Goro Nishida was a Japanese mathematician. He was a leading member of the Japanese school of homotopy theory, following in the tradition of Hiroshi Toda.
Nishida received his Ph.D. from Kyoto University in 1973, after spending the 1971-72 academic year at the University of Manchester in England. He then became a professor at Kyoto University. His proof in 1973 of Michael Barratt's conjecture was a major breakthrough: following Frank Adams' solution of the Hopf invariant one problem, it marked the beginning of a new global understanding of algebraic topology.
His contributions to the field were celebrated in 2003 at the NishidaFest in Kinosaki,followed by a satellite conference at the Nagoya Institute of Technology; the proceedings were published in Geometry and Topology's monograph series. In 2000 he was the leading organizer for a concentration year at the Japan–US Mathematics Institute at Johns Hopkins University.

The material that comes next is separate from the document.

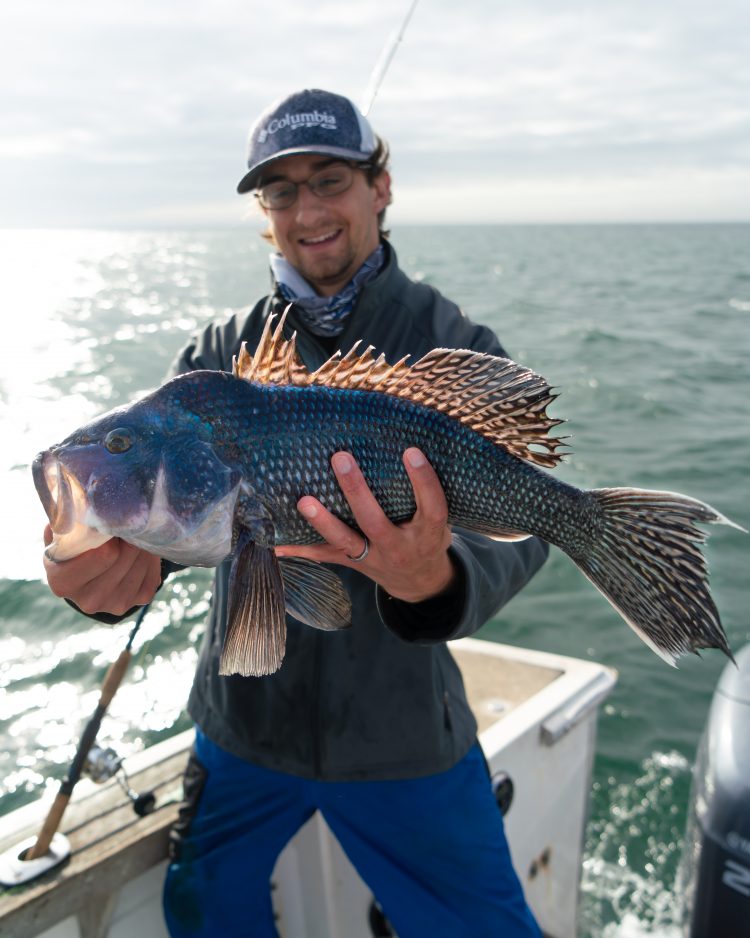 Jigging for Big Black Sea Bass - On The Water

Nishida's earliest work grew out of the study of infinite loop spaces; his first paper accounts for interactions between Steenrod operations and Kudo–Araki operations. Some of his later work concerns a circle of ideas surrounding the Segal conjecture, transfer homomorphisms, and stable splittings of classifying spaces of groups. The ideas in this series of papers have by now grown into a rich subfield of homotopy theory; it continues today in the theory of p-compact groups.